- AIM OF THE TASK
Starting with the line that has "Small Red Tab" in the records below and ending with the line that has "HelloMarine - Matisse", output those lines exactly and nothing more; omit the pictures.

- RECORDS FOR THE TASK

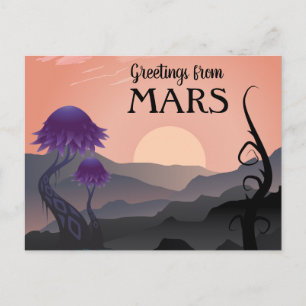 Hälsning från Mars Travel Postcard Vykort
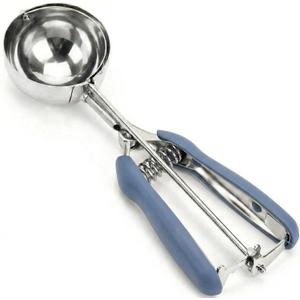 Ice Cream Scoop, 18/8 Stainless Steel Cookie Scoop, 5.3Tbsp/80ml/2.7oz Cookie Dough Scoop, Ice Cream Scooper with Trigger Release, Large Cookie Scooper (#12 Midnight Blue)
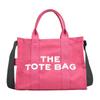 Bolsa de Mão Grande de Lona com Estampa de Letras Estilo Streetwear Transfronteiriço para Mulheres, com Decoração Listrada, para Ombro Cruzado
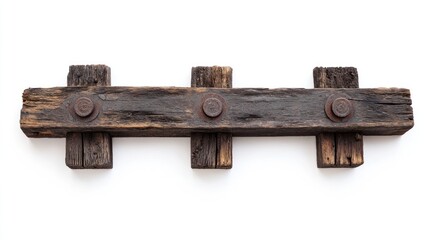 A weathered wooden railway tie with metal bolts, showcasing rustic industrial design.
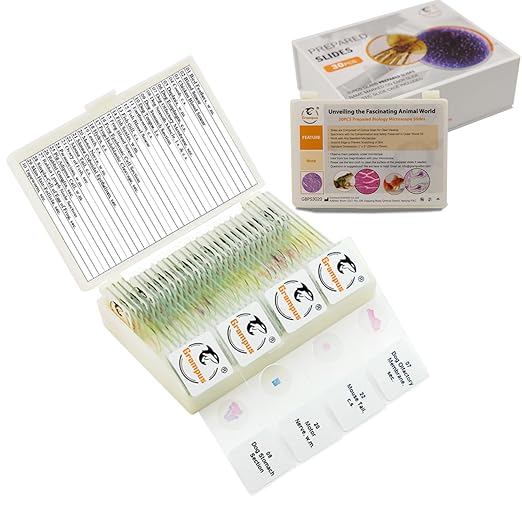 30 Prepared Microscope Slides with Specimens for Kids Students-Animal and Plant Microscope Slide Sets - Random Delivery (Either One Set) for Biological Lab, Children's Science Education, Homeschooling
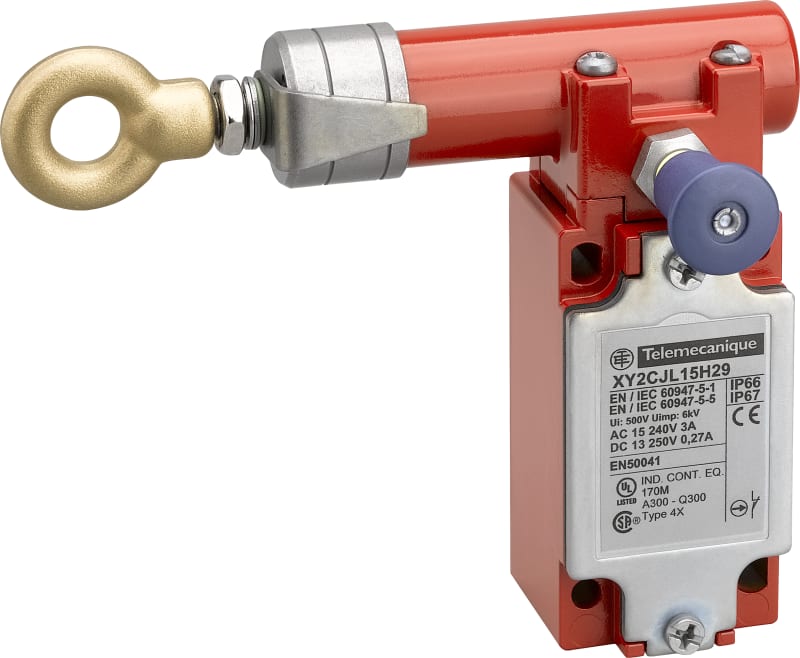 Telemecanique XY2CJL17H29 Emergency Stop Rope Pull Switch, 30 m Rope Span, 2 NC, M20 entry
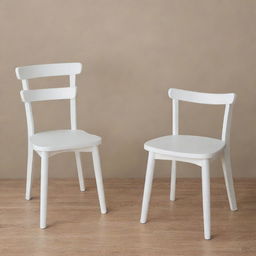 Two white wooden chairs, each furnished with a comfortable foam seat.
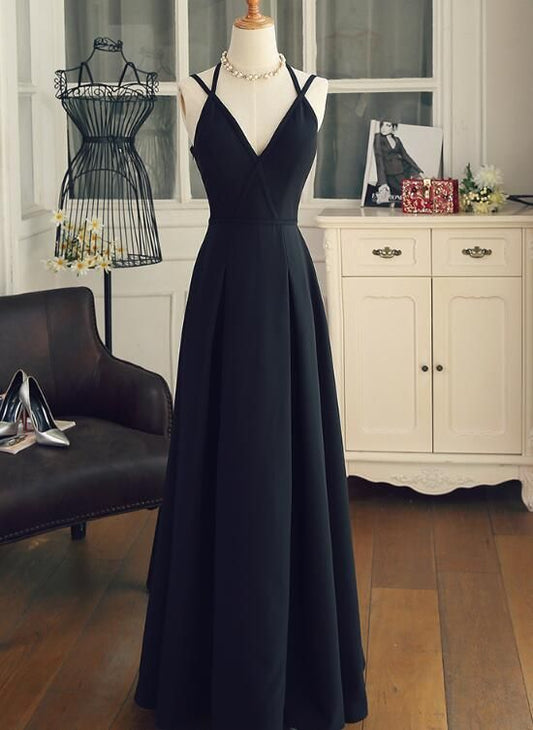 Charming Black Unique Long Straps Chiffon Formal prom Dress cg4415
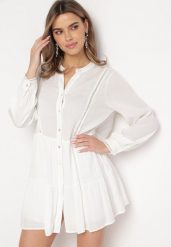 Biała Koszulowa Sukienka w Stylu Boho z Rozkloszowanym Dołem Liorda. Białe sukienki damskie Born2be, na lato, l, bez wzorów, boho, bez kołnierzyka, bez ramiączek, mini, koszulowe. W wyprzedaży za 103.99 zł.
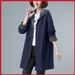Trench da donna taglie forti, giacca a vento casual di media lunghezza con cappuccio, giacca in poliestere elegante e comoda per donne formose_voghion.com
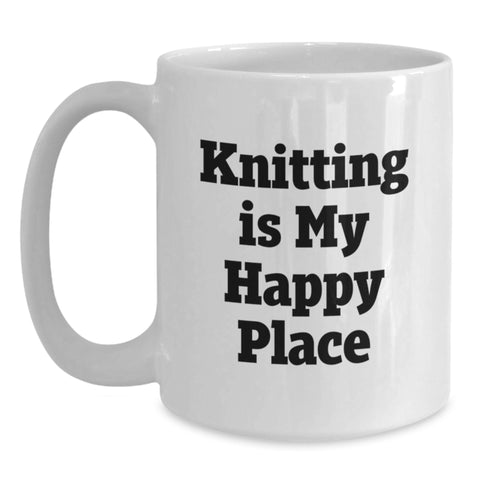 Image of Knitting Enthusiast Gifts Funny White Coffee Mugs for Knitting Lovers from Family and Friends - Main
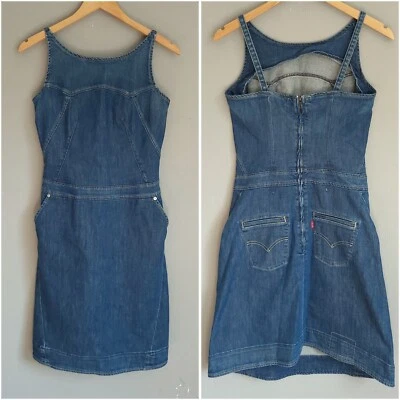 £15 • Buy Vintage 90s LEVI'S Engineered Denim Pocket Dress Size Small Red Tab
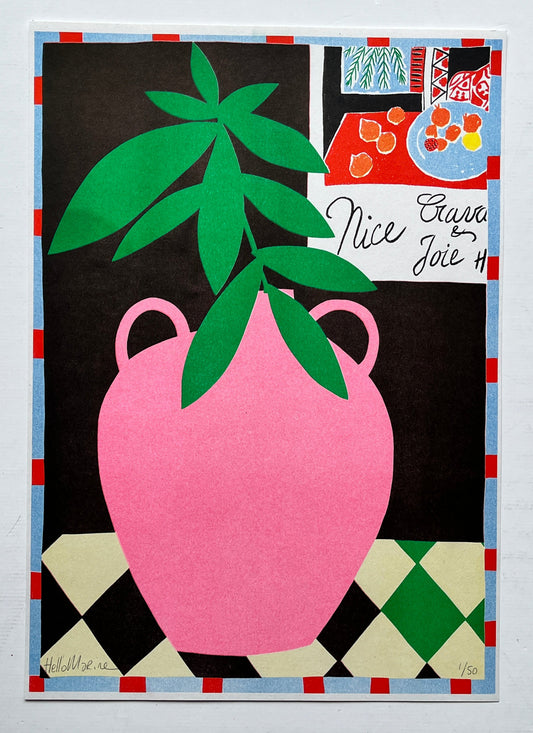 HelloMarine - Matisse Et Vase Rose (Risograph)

* * *

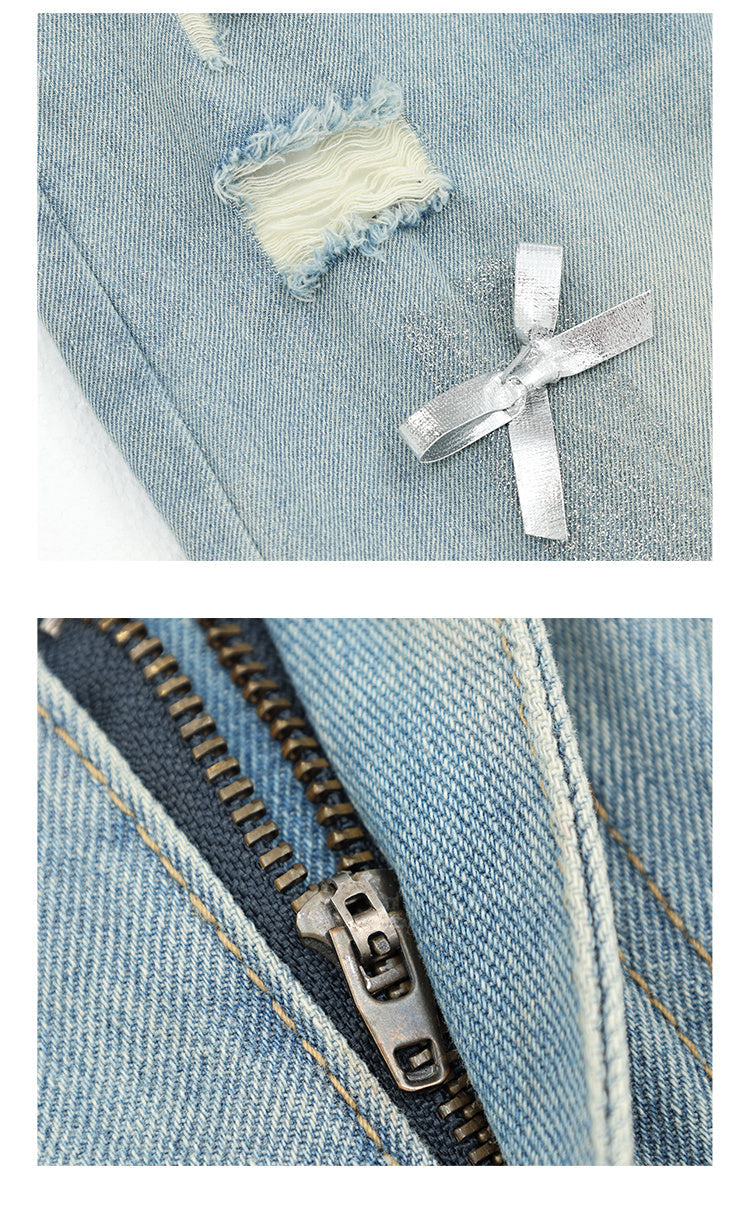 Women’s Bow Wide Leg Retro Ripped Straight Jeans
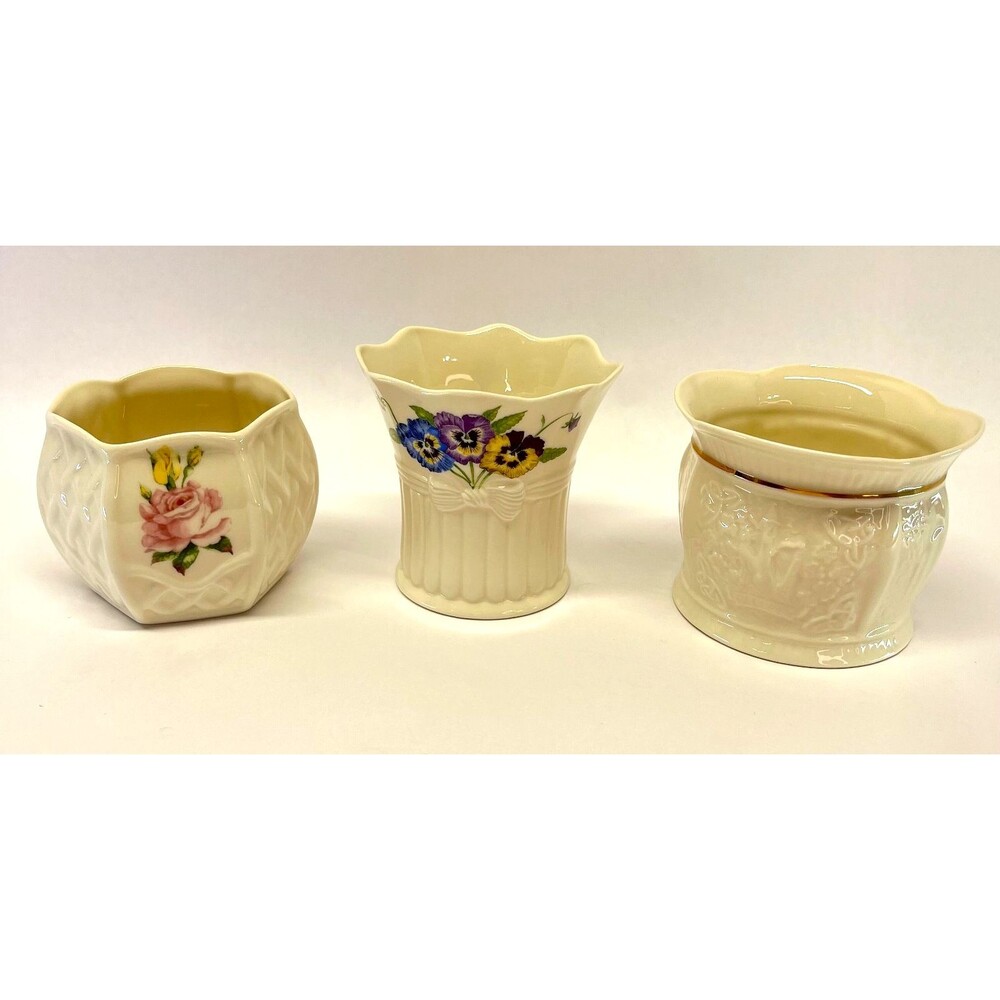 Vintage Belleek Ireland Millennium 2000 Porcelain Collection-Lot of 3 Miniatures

* * *

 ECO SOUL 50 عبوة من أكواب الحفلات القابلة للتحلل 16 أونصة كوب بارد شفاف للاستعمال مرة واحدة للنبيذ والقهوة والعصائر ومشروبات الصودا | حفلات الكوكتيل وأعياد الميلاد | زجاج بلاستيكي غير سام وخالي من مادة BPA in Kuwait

- REPLY TO THE TASK
 £15 • Buy Vintage 90s LEVI'S Engineered Denim Pocket Dress Size Small Red Tab
 HelloMarine - Matisse Et Vase Rose (Risograph)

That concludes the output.